Prompt » Word for word, copy all the data and drop the pictures.

Information provided »
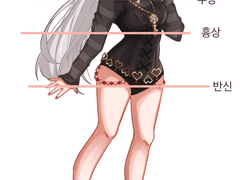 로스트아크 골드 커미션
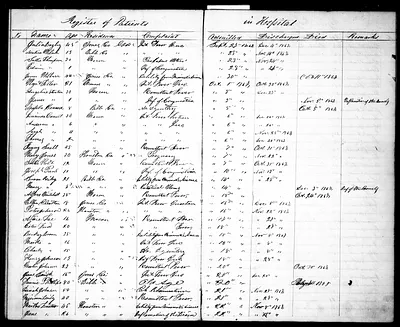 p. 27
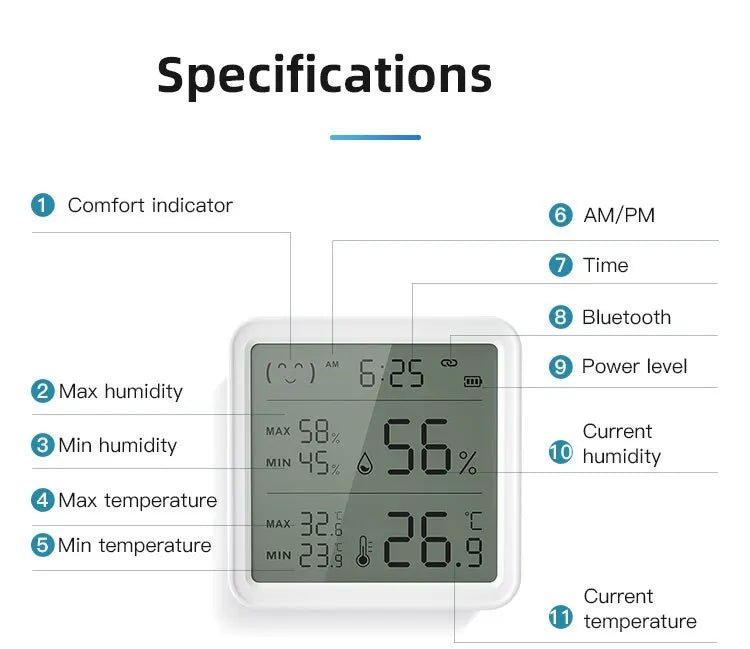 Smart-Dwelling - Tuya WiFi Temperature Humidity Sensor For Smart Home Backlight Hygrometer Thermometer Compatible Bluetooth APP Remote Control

Solved exercise »
 로스트아크 골드 커미션
 p. 27
 Smart-Dwelling - Tuya WiFi Temperature Humidity Sensor For Smart Home Backlight Hygrometer Thermometer Compatible Bluetooth APP Remote Control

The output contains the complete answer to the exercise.